「ひやおろし」は、秋口に店頭に並び始める日本酒です。春先に搾り、ひと夏寝かせたひやおろしは、芳醇でまろやかな味わいにあふれています。
今回は、ひやおろしの語源や特徴、おすすめの飲み方についてくわしく解説!秋限定の味わい、ひやおろしの魅力をたっぷりとお伝えします。
目次
1.ひやおろしとは?
「ひやおろし」は、涼しくなってきた秋口に各蔵から出荷される日本酒です。日本酒ファンにとっては、秋の風物詩といえるお酒かもしれません。
ひやおろしの大きな特徴は、1度だけ加熱処理をし、ひと夏寝かせたお酒であること。
日本酒は、秋から翌年春先の寒いシーズンに造られるのが一般的です。シーズン中に搾られたお酒は、貯蔵前と瓶に詰める前、2回にわけて「火入れ」と呼ばれる加熱処理がほどこされます。
一方、ひやおろしの火入れは、貯蔵前の1度だけ。その後はタンクのなかでひと夏を過ごし出荷の時を待ちます。ひやろおしが出荷されるのは、タンク内のお酒と外気温が同じになったタイミングです。
1度だけしか火入れをしないひやおろしの製法は「生詰め(なまづめ)」と呼ばれています。
2.ひやおろしの語源
ひやおろしの「ひや」は、冷たいお酒ではなく、常温の「ひや」を意味しています。
前述したように、ひやおろしを出荷するのはタンク内と外気温が同じくらいになった頃。「常温で卸す」ことから「ひやおろし」というわけです。
ひやおろしは江戸時代には誕生していましたが、当時は保存が効かないことから広くは流通せず、蔵に近い人しか飲めない貴重品だったそう。
現在のように「秋の日本酒=ひやおろし」のイメージができあがったのは、今から約30年前のこと。
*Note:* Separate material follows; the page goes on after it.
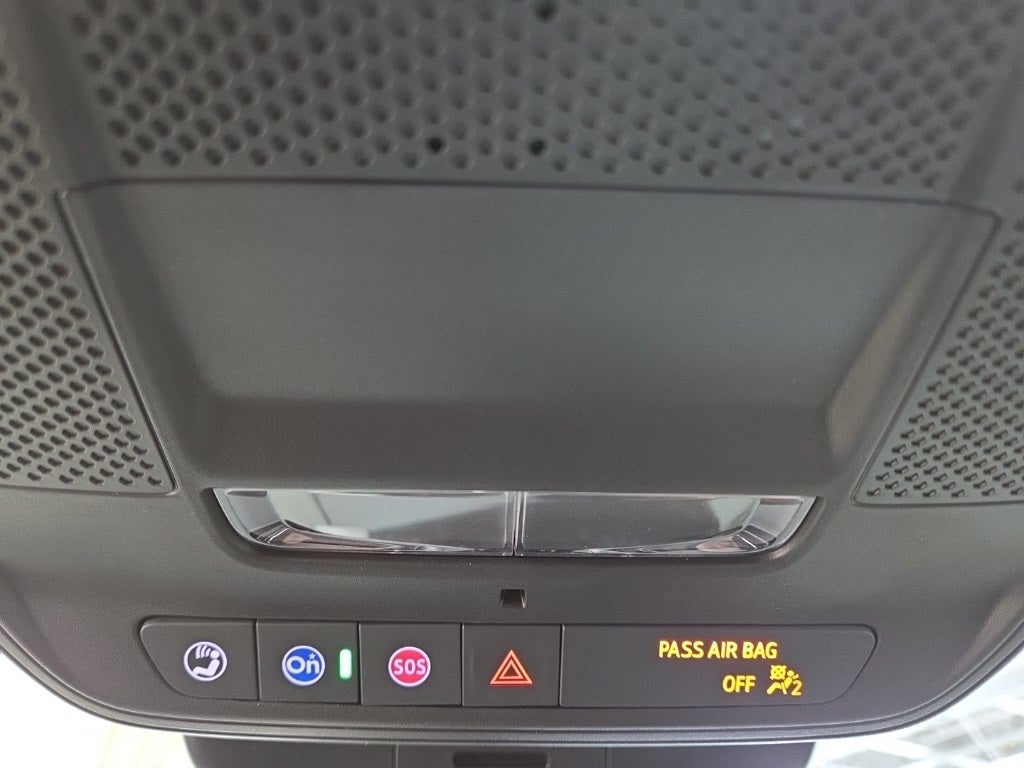 2026 Chevrolet Traverse LT 2LT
卸売業を営む株式会社岡永(日本名門酒会)が、秋の限定品として商品展開したことがきっかけだといわれています。
また、およそ半年の熟成を経て酒質が向上したお酒は「秋あがり」。反対に、熟成がうまくいかなかったお酒は「秋落ち」と呼ばれることもあります。
3.ひやおろしの味わいの特徴
ひやおろしは、1度だけ火入れをする「生詰め」のお酒だとお話しました。一般的に、2度火入れをした日本酒は、口当たりなめらかなお酒になるといわれています。
1度だけ火入れをしているひやおろしは、フレッシュな味わいが特徴。と同時に、一定期間熟成させることで、生酒の荒々しさがまろやかな風味へと変化しています。
みずみずしく奥行きのある味わいは、ひやおろしの大きな魅力といえるでしょう。
4.ひやおろしのおすすめの飲み方
秋しか飲めないお酒、ひやおろし。季節が進むほど味が深まるひやおろしは、販売時期によってさまざまな飲み方を楽しめます。
つめたく冷やして、または燗でと、ぜひ季節ならではの味わいを堪能してみてください。
4-1.よく冷やして、生詰めの爽やかな味わいを楽しむ
9月頃に出回るひやおろしは、キリッと冷やして味わうのがおすすめです。スッキリとしたキレが際立ち、生詰めならではの爽やかな味わいを楽しめます。暑さが残る季節は氷を入れ、オンザロックにしても美味しいですよ。
4-2.燗でひやおろしのコクを楽しむ
秋が深まる10月頃のひやおろしは、ぬる燗で楽しむのがおすすめです。この時期のひやおろしは味と香りのバランスに優れ、適度に温めるとより一層まろやかな味わいを堪能できます。脂の乗り始めたサンマとの相性もばつぐんです。
また、晩秋旨酒(ばんしゅううまざけ)とも呼ばれる11月のひやおろしは、旨味がさらに増した芳醇タイプ。熱燗にしても味のバランスが崩れず、料理とともに美味しく味わえます。
ぜひ、きのこ類や焼き銀杏(ぎんなん)、ジビエ料理など、秋の味覚とのペアリングを楽しんでみてください。
まとめ
ひやおろしは、日本の四季が造り上げるお酒です。日本酒好きにとっては、年に1度だけの秋の贅沢といえるかもしれません。
秋のお酒、ひやおろしは秋の味覚との相性もばつぐん。飲食店や酒販店で「ひやおろし」の文字を見つけたら、ぜひ秋の訪れを感じながらその味わいを堪能してみてください。